I knew about the earthquake, the devastation it caused, and the fact that the mass destruction left the Nepali people more impoverished than ever. Worse, its effects canceled the 2016 Mount Everest climbing season, a season that employs a large majority of the Nepali Sherpa as climbing guides. It was awful and, like most of the world, I empathized with those who survived.
And, like most of the world, I moved on to the next major event in my own life as well as in the world as a whole. The earthquake remained on my radar for as long as the media coverage focused on it. When it became “old news,” I filed it away.
However, in the summer of 2015 when Anthony called, I could tell something was different. My phone call from Anthony started out much like the others: Hi, how have you been? Where are you? Where is Dan? What is he doing? What are you doing? What do you mean you almost fell off a mountain hiking to Everest base camp?
You know, the simple, everyday questions you ask of people you haven’t heard from in a year.

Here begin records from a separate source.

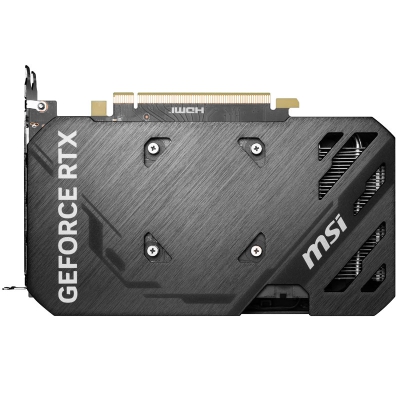 MSI GeForce RTX 4060 Ti Ventus 2X Black OC 8GB GDDR6 - 8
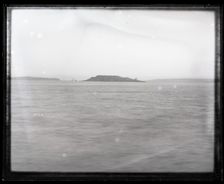 USFC Steamer "Albatross" Survey of Fishing Banks from Newport to Newfoundland, 1885. Creator: United States National Museum Photographic Laboratory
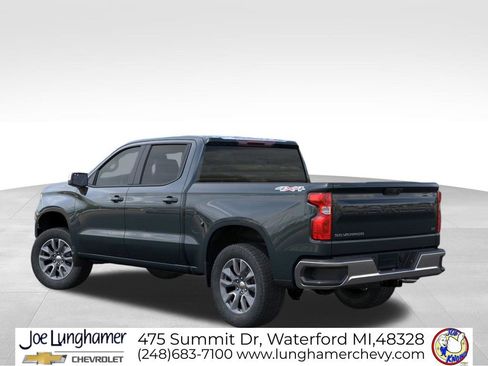 New 2026 Chevrolet Silverado 1500 LT image 3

Though the story about nearly falling off a mountain in the Himalayas didn’t necessarily shock me since I was talking to him, Anthony’s description of the destruction many of the remote villages experienced after the earthquake and its subsequent tremors was overwhelming.
Whole villages had been decimated and Anthony and Dan saw this firsthand. The Nepali people had lost everything, from shelters to basic sanitation to farms and livestock. I could tell just from talking to him that he was shaken from the devastation he was witnessing.
That’s when he told me about the nonprofit business Dan and he were creating. Elevate Nepal Inc. was created for the sole purpose of helping the Nepali people in remote villages rebuild their communities. The list of things that needed to be done to help the Nepali people was endless.
Schools and homes needed to be rebuilt. Basic human needs, such as developing a reliable sanitation system, also needed to be met.
Elevate Nepal Inc. was born, operated out of their home in Flagstaff, Ariz. So far, they have raised funds to:
• rebuild a school in the village of Sarysu that educates 700 children from the nearby villages;
• rebuild a sanitation system that provides clean water for some of the hardest hit villages in that province;
• provide temporary housing for multiple families throughout some of the hardest hit villages.
However, they do more than raise money.
They take that money, travel to Nepal, purchase supplies and help the villagers by getting their hands dirty. Both are hands on with these projects, passionate about rebuilding Nepal. And both are following dreams that began on the Bonaventure campus.
At St. Bonaventure, we embrace the teachings of St. Francis, who looked beyond the materialistic needs of society into the soul and proceeded to nourish that. He administered to those who had nothing and chose to spread love and acceptance.
Anthony and Dan are yet another example of exactly what’s right with this university. We taught them and mentored them and they took those lessons and became true Franciscans, soaring above and beyond anything I ever hoped to teach them. We just taught them; they did the work. Now, they are changing the world.
I’m simply grateful that I had a small part in watching them grow. They are destined to make the world a better place.